К моменту выхода «Ассы» пошла волна критических разговоров, газетных откликов, дискуссий по поводу моего врожденного негодяйства, умения присосаться к кому хочешь, хоть и к рок-культуре, и выпотрошить ее для-ради собственной и своей ординарной славы. В ту пору меня часто и с пристрастием спрашивали журналисты:
— А сами-то вы как относитесь к рок-культуре? А сами-то вы что для нее сделали?
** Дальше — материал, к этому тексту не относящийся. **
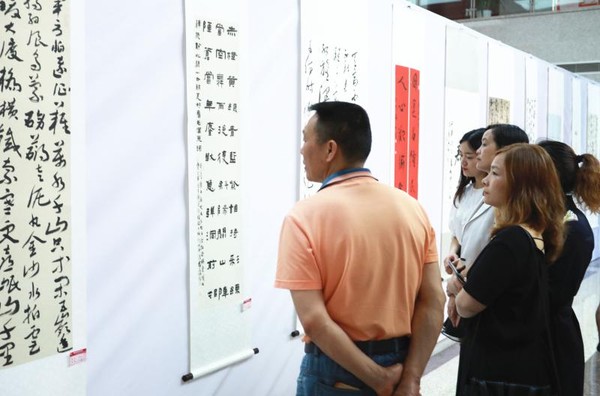 南谯区举办庆祝中国共产党成立100周年书画展图片5.jpg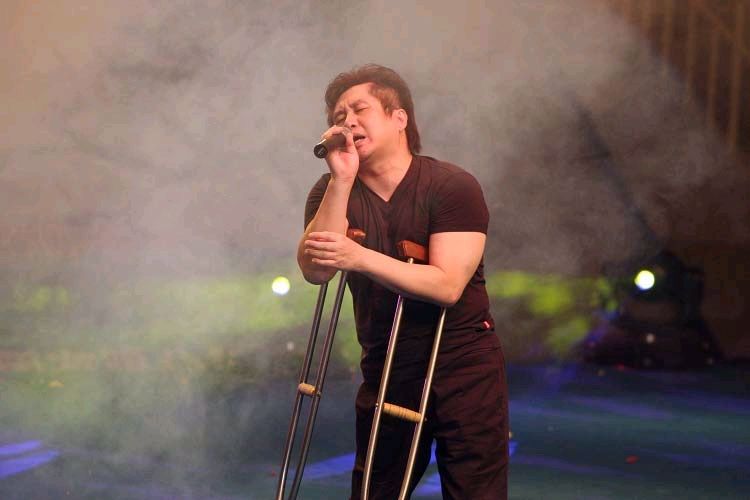 郑智化：因《水手》爆红，不到40岁就隐退歌坛，如今他生活怎样？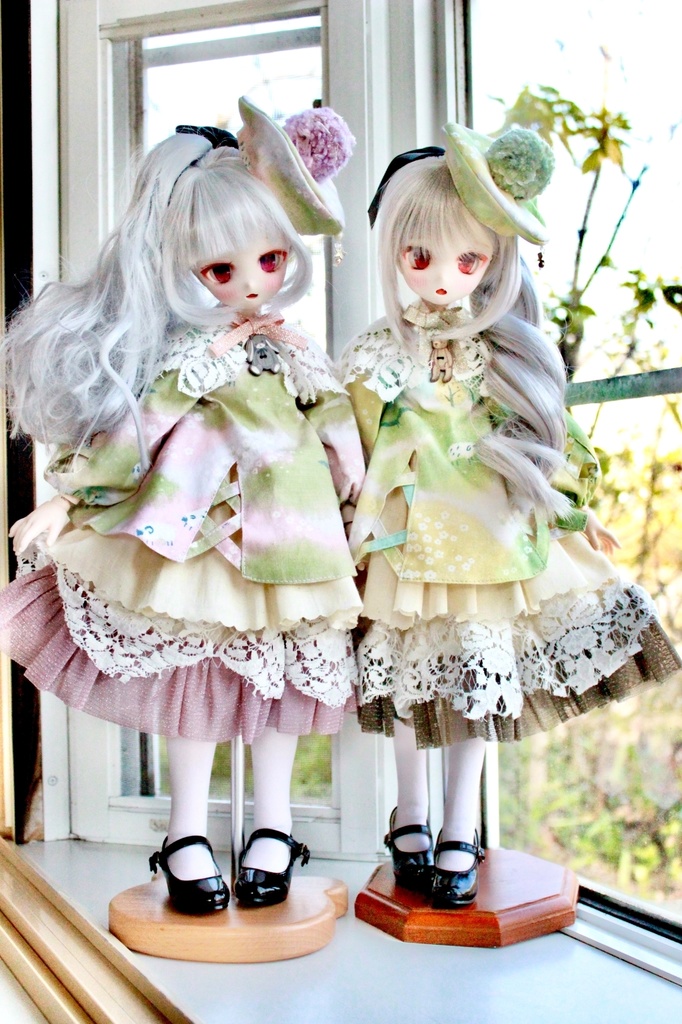 ■KUMAKOちゃん&MDDさん(40cmドール)用 印象派絵描きのお嬢さんセット(春の花畑(グリーン&ピンク))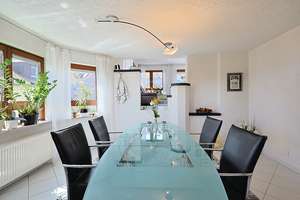 Tolles Einfamilienhaus mit großer Einliegerwohnung – Die vollständige Adresse der Immobilie erhältst du vom Anbieter., 71034 Böblingen – Vorschaubild 4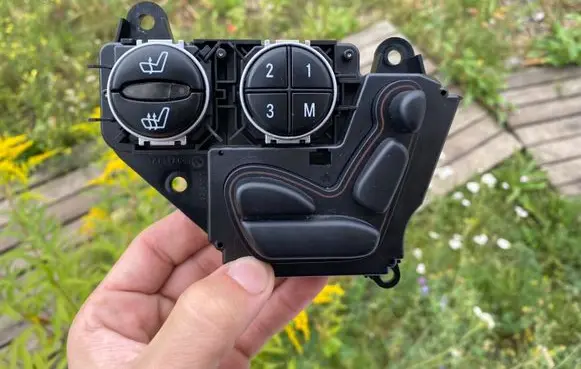 Mercedes-Benz SL R230 Seat control switch A2308211051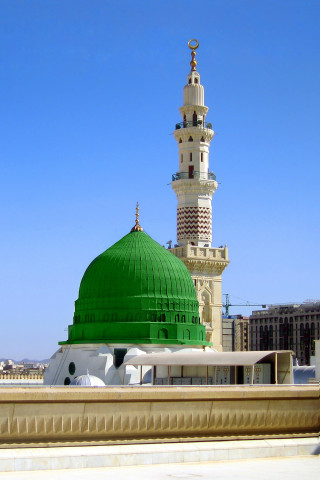 Green dome building sky clock - free architecture wallpaper for mobile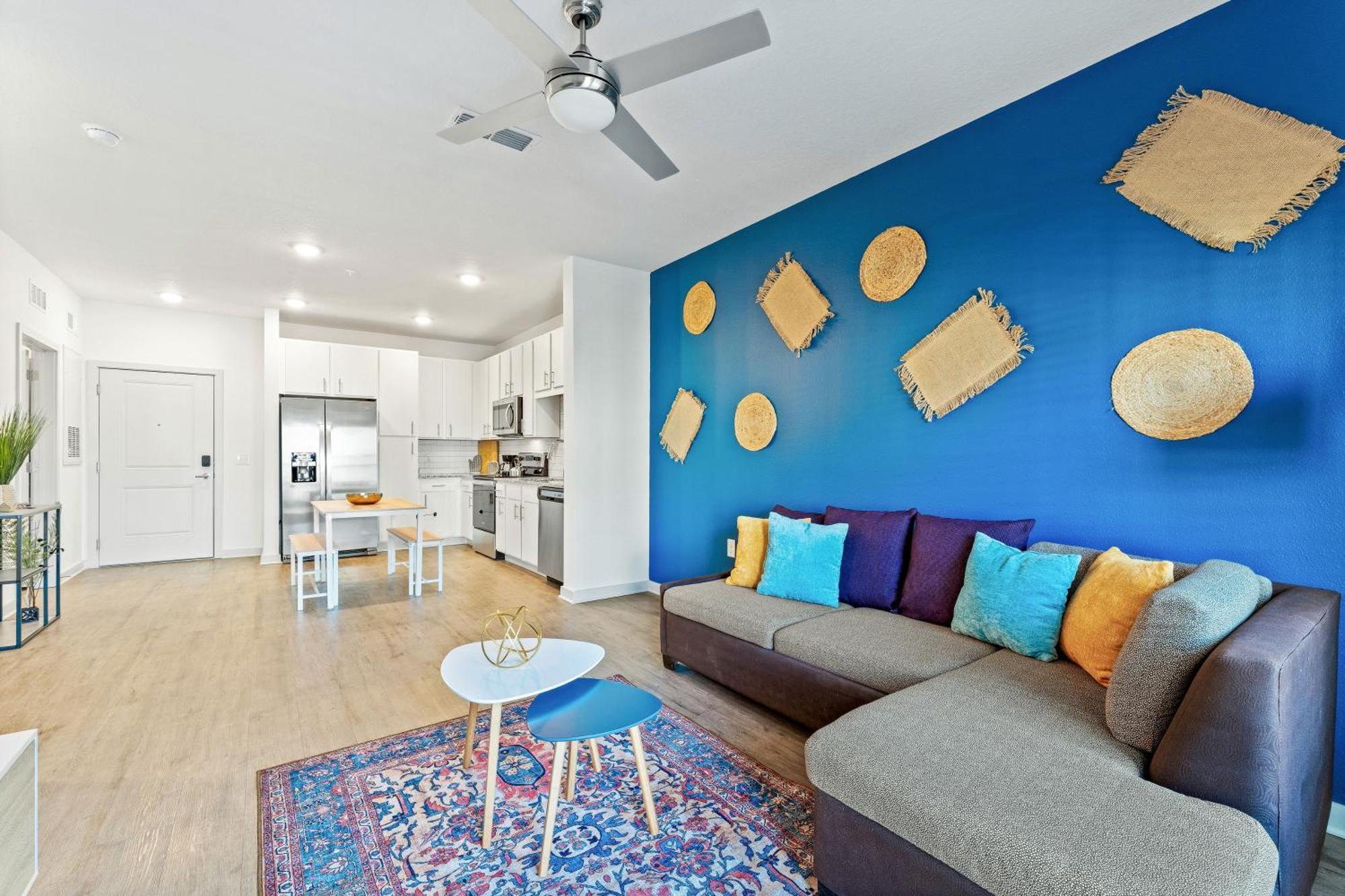 Complete Tranquil 10 Min To Parks Allows Pets, Resort-style Amenities Apartment Orlando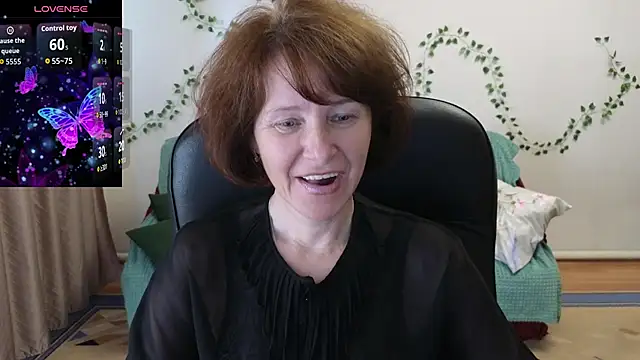 Snapshot of Lia_Tito chatting on July 17, 2026, 6:31 am Lia Tito online show from July 17, 2026, 6:31 am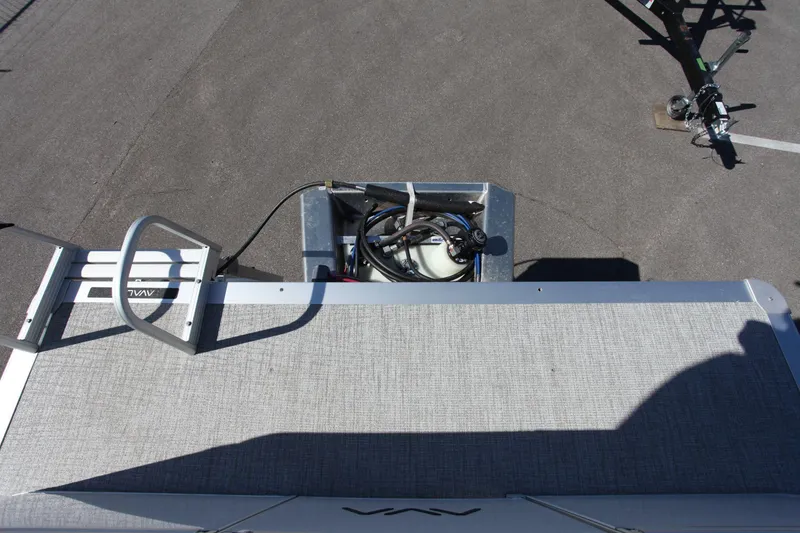 Slide: The Image of Avalon 2380 QL 2025 - 15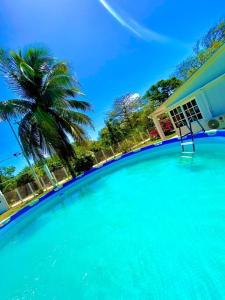 a large pool of blue water next to a house at Casa campestre con piscina y carro in San Andrés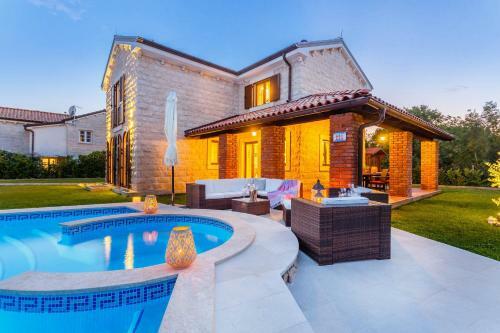 House Kamenica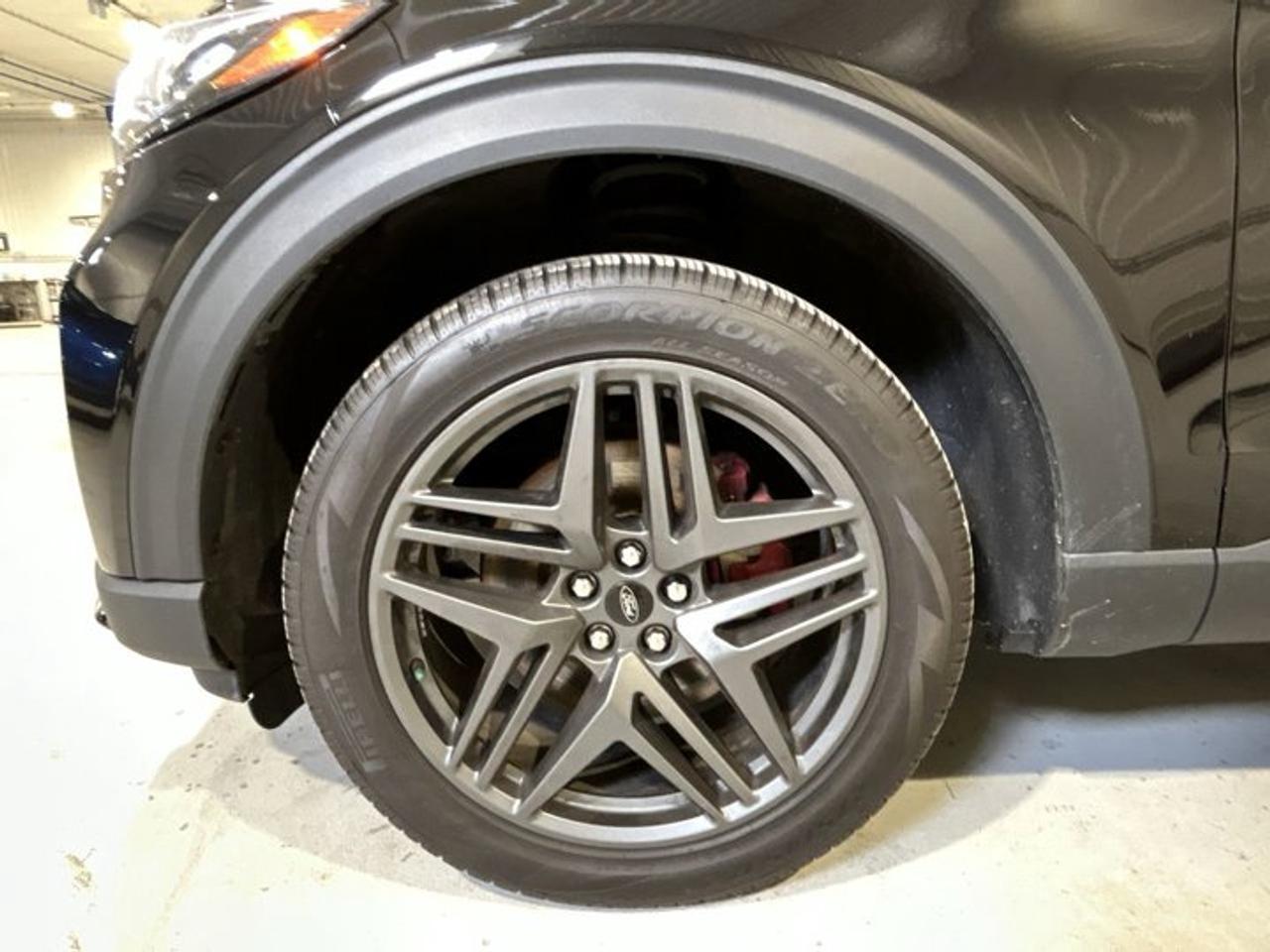 2025 Ford Explorer ST-Line 4WD Photo2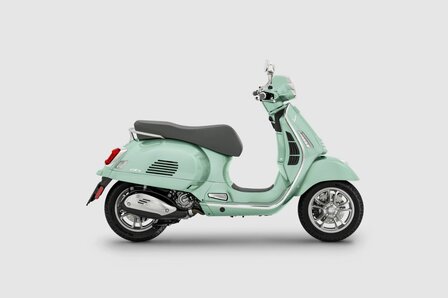 Vespa GTS 125 Verde Amabile 2023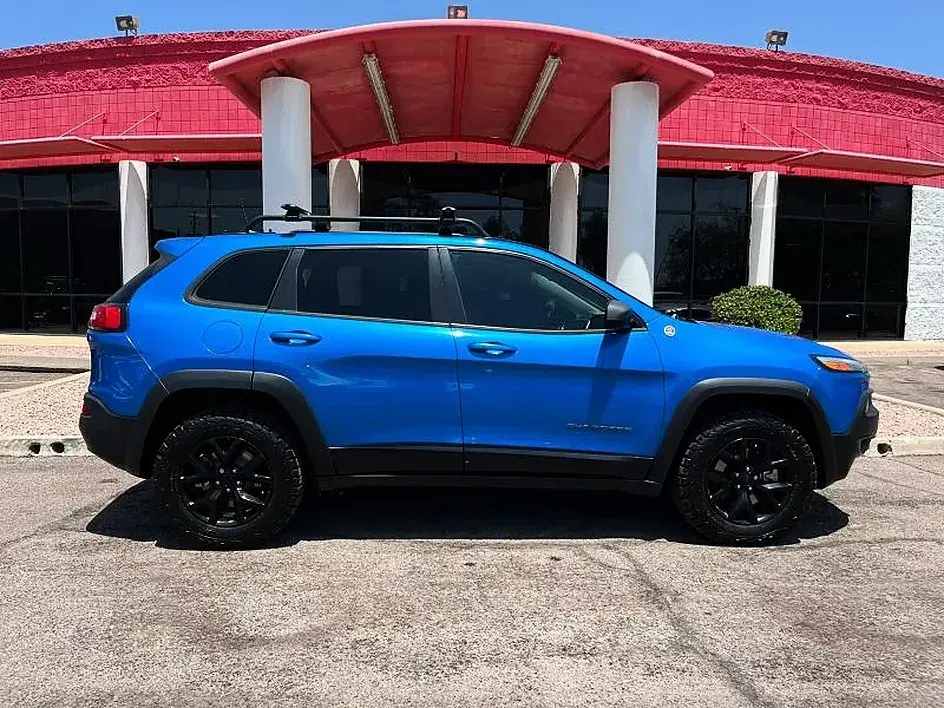 2017 Jeep Cherokee Trailhawk 4WD photo 5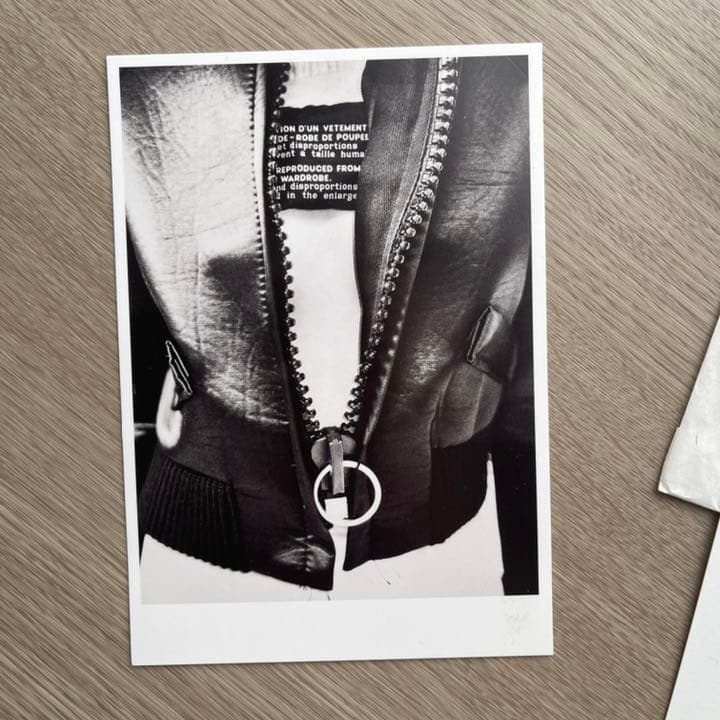 レア Margiela マルジェラ パリ回顧展会場限定 ポストカード 足袋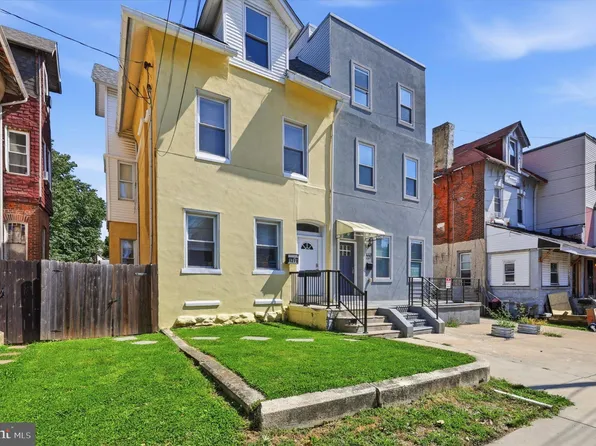 1219 S 46th St #3, Philadelphia, PA 19143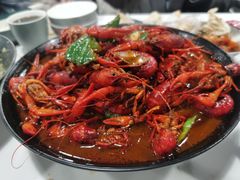 招牌十三香龙虾-骄傲de小龙虾 · 全羊馆(新北万达店)
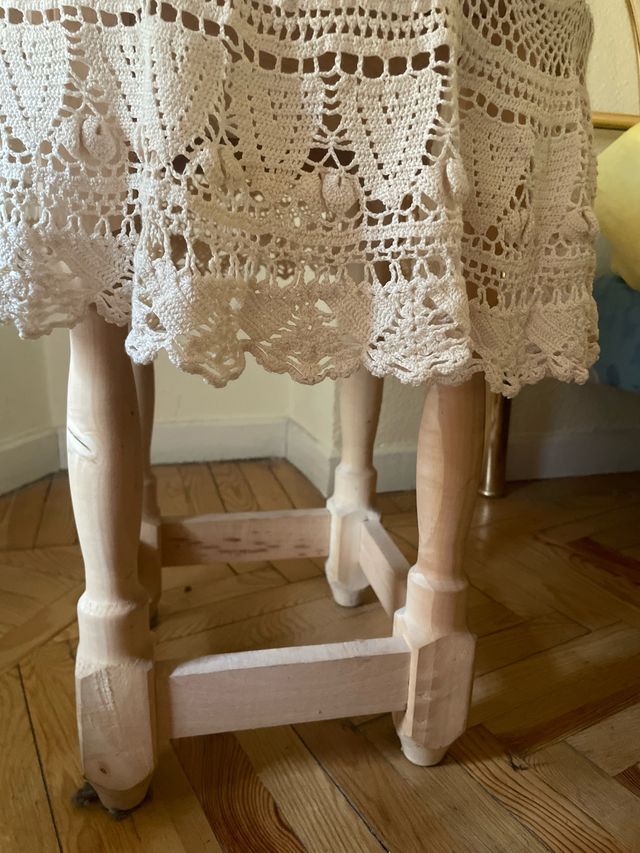 Mesilla de noche tejida a crochet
фото — Боря — вечный бедуин
На что я честно отвечал:
— Ничего никогда для отечественной рок-культуры я не делал. Моя роль в ее истории — это роль восхищенного слушателя и зрителя, который не только топал ногами в такт ритмам песен, не только размахивал руками над головой и зажигал в знак восторга спички, но еще и зажег спичку-свечку, зажег от души, сам ее сделал, название ее «Асса». Сам я не был никаким соучастником рок-движения, никаким соборцом за великие идеалы рока, я был просто очарованным путешественником в этом новом для меня мире, и интересовал он меня вовсе не идеологически, а сугубо эстетически. Что же касается отношения к рок-культуре, то интерес к ней, как и к любой другой культуре, скажем поп-культуре, может быть просто как к культуре, и тогда приставки «рок», «поп» и пр. есть определения подвидов культуры; если же он целиком завязан на «роке» и «попе», то это не иначе как взбухший и уродливый подвид, норовящий занять место вида. Все то, что в рок-культуре связано с собственно культурой, то и останется в истории русской культуры, а культура, как известно, не входит в моду, не выходит из моды, но живет сама по себе, по своим законам долгожительства.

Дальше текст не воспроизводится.